El gran problema de este planteamiento es que no responde a nuestra experiencia subjetiva. En un mundo mecanicista no ha lugar ni a propósitos, ni a motivos, ni a razones; ¿qué se puede decir, pues, del comportamiento humano?, ¿qué queda de él? Aquí se abre un debate muy interesante, en el cual se pueden identificar fácilmente los dos extremos en el seno de esta tendencia: o bien hay que introducir un principio de carácter espiritual paralelo al material (como en Descartes), o bien hay que negar cualquier tipo de experiencia subjetiva del ser humano reduciéndolo todo a combinaciones físico-químicas de sus partes más elementales. La postura a adoptar, en el espectro de posibilidades establecido por ambos polos, abrió un debate interesante, que aún se mantiene abierto. De hecho, la comprensión social contemporánea es, en buena parte, heredera de los planteamientos mecanicistas de las ciencias naturales modernas.

Pero ¿es así?, ¿hasta qué punto nuestro comportamiento se puede definir mediante unas cuantas leyes generales, a las cuales se ajusta? El origen de las ciencias sociales contemporáneas hay que buscarlo aquí: en la identificación de las leyes que rigen los fenómenos sociales y que los explican; leyes que, en su forma lógica, no difieren sensiblemente (o no deben hacerlo) de sus ‘análogas’ naturales.

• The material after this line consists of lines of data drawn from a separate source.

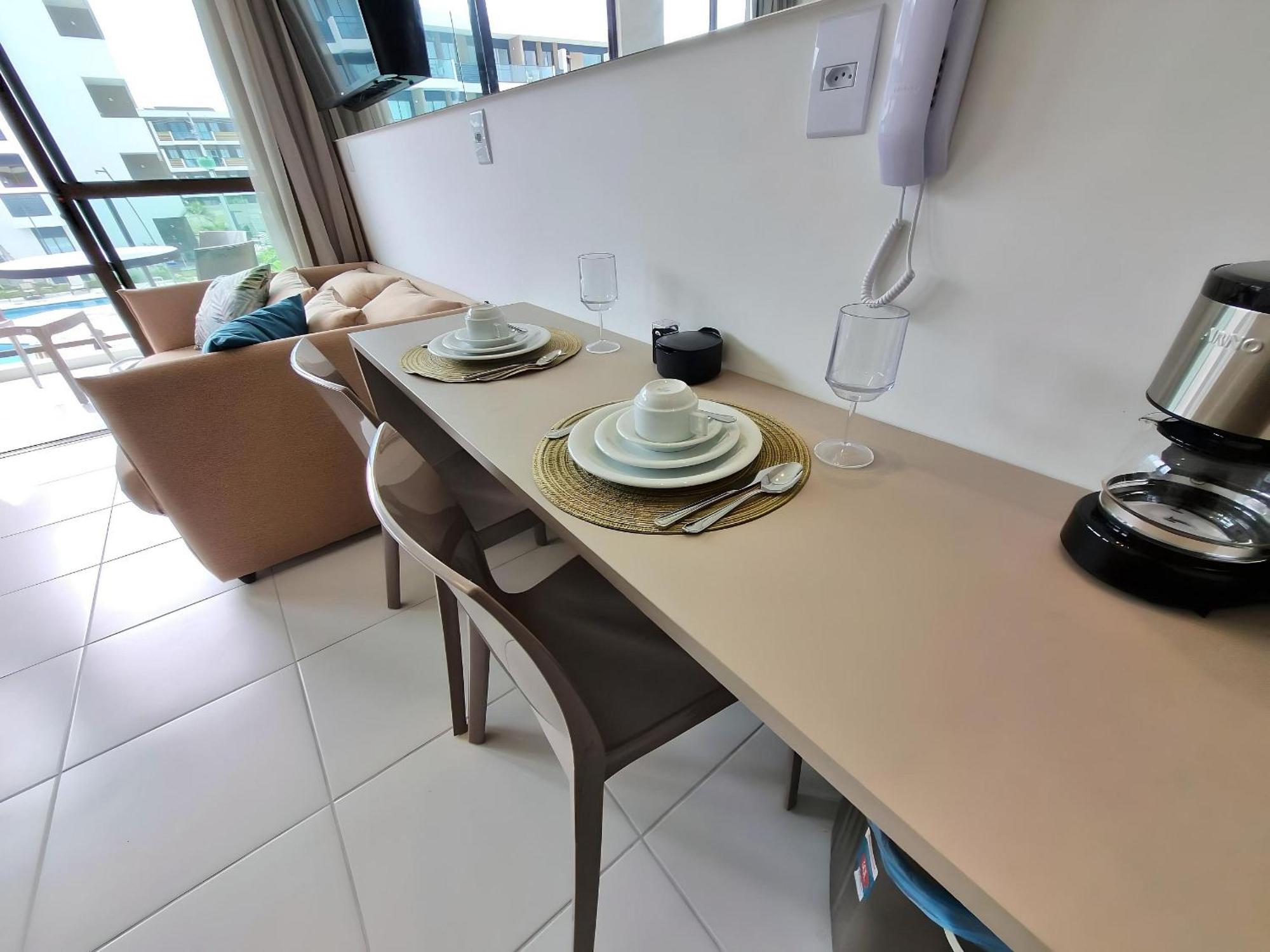 Flat Em Muro Alto - - Makia D115 - By Anfitriao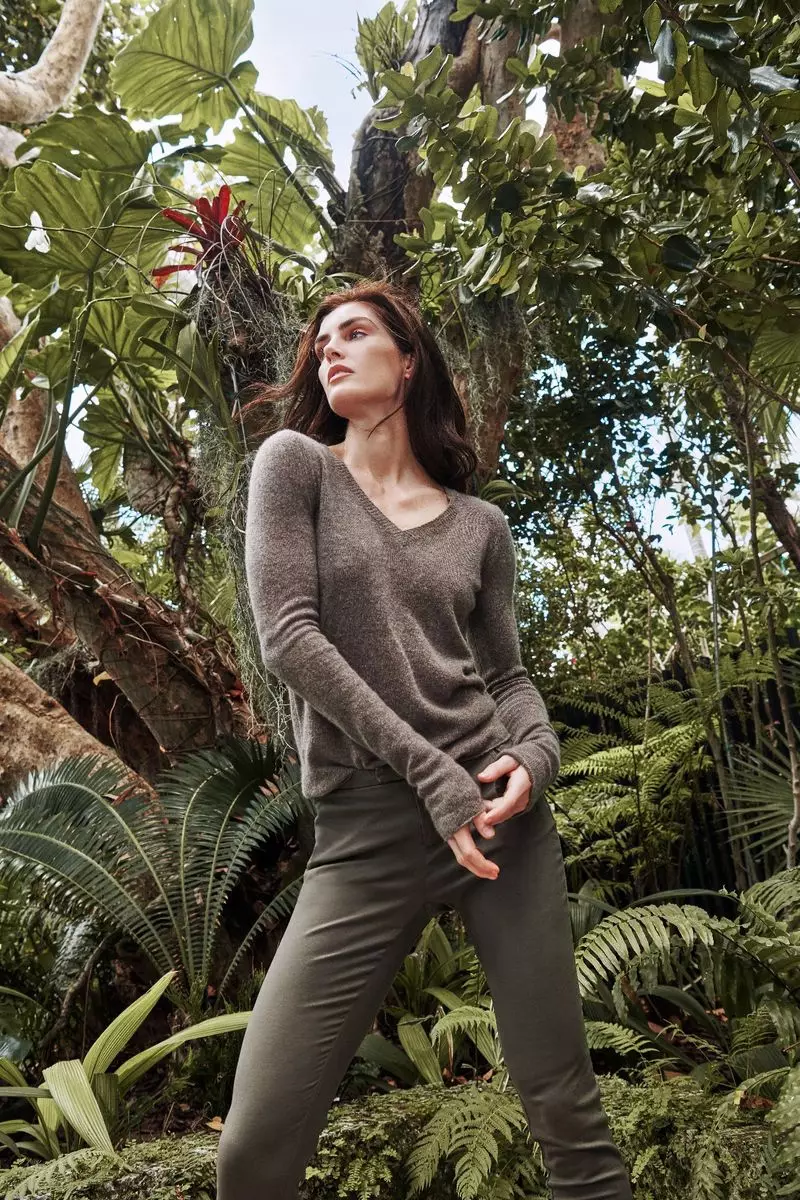 Hilary Rhoda viste estilos neutros para a campaña ATM outono-inverno 2019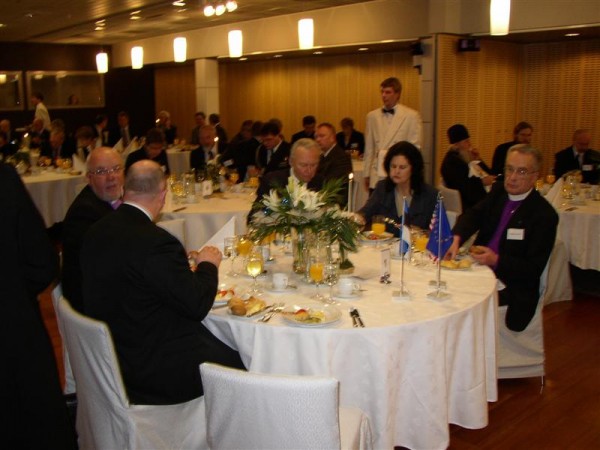 Eesti Palvushommikusöök 2004 11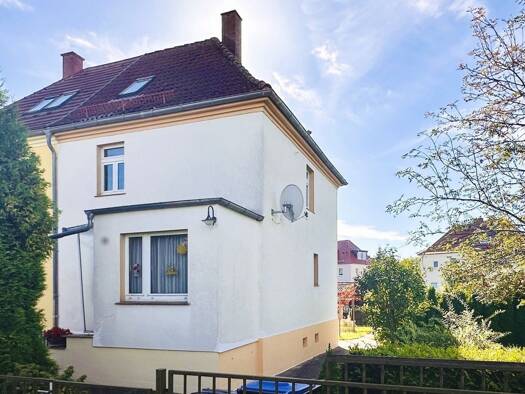 Doppelhaushälfte zum Kauf 320.000 € 4 Zimmer 86,5 m² 600 m² Grundstück Niedersedlitz Dresden 01257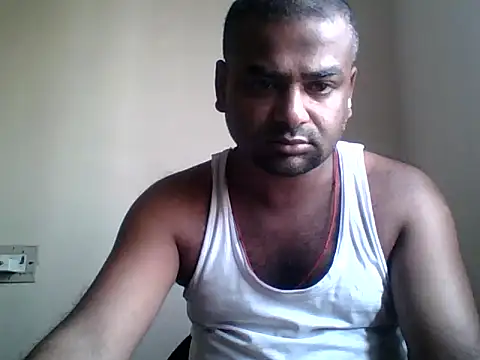 Snapshot of sree4143 chatting on 11/28/25, 05:21 sree4143 online show from 11/28/25, 05:21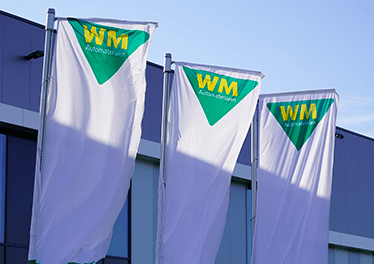 Vlaggen van WM Automaterialen wapperen in de wind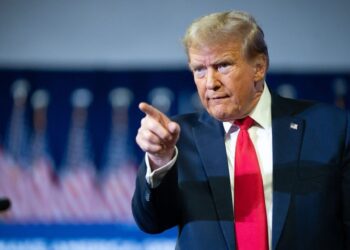 ترامب يعلن مفاوضات "متعمقة للغاية" مع حماس ويحذر من عواقب وخيمة 2025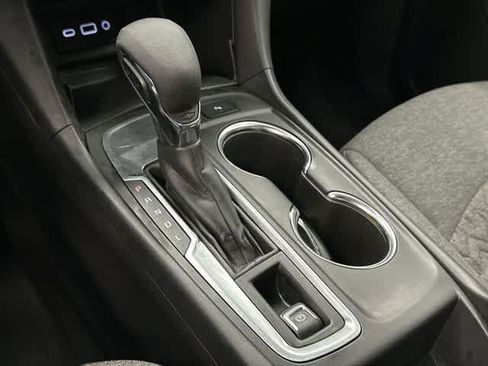 Used 2024 Chevrolet Equinox LT FWD image 24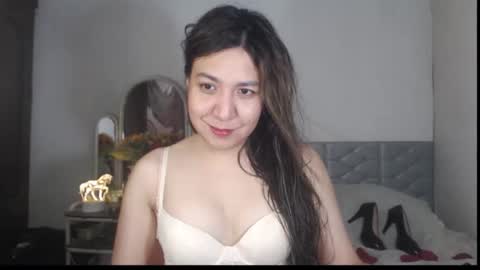 Stella online show from 12/22/25, 02:30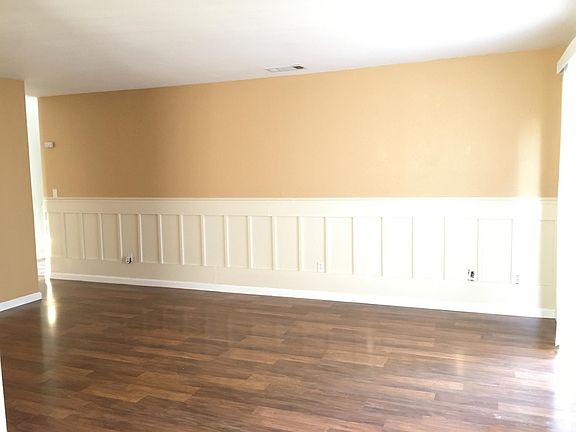 Dinning room connected to kitchen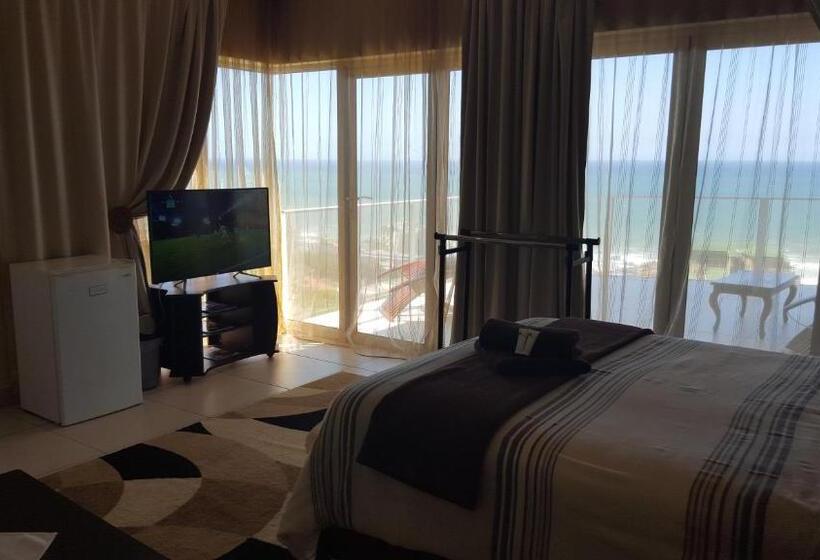 اتاق استاندارد با بالکن و چشم‌انداز دریا, The Homestead Margate   South Africa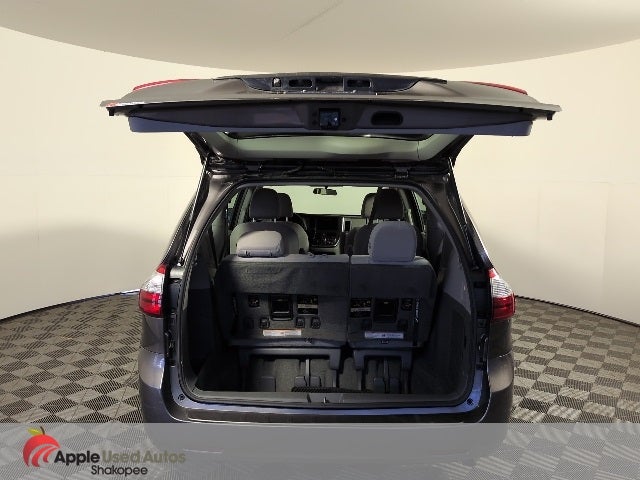 2016 Toyota Sienna L 7 Passenger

Esto tiene mucha importancia en nuestra situación actual porque, si no es así, «si la ciencia social no presenta sus hallazgos en forma de cuasi-leyes o generalizaciones, los fundamentos para emplear a científicos sociales como consejeros expertos del gobierno o de las empresas privadas se hacen oscuros y la noción misma de pericia gerencial se pone en peligro», explica MacIntyre en su Tras la virtud. Estas figuras ostentan hoy una posición de relevancia en nuestras sociedades, algo que no deja de llamar la atención cuando es tan frecuente el fracaso en sus predicciones, tanto de economistas, como de politólogos, sociólogos, etc.; tras un acontecimiento siempre hay explicaciones (algo que supongo que tendrá su valor), pero no estaría tan claro cuando ‘antes de’ no se fue capaz de pronosticar. Quizá ello se deba a que su carácter de ley no esté tan claro como parece.

¿Qué diferencia se puede establecer, pues, entre las leyes de las ciencias sociales de las leyes de las ciencias naturales? Pues el factor humano, un factor que Maquiavelo conceptuó en la idea de fortuna. No es que Maquiavelo no fuera un ilustrado de pura cepa, ya que él pensaba que las generalizaciones podían muy bien ayudarnos en la práctica proveyéndonos de máximas que guiaran nuestro comportamiento; pero también pensaba que el factor ‘fortuna’ no se podía suprimir de la vida humana. Lo cual no era óbice para no mantenerse en el empeño. Lo que Maquiavelo pensaba es que, «supuesto el mejor conjunto posible de generalizaciones, podemos ser derrotados a las primeras de cambio por un contraejemplo no predicho e impredecible, sin que por ello se vea una manera de mejorar nuestras generalizaciones, y sin que ello sea motivo para abandonarlas ni siquiera redefinirlas».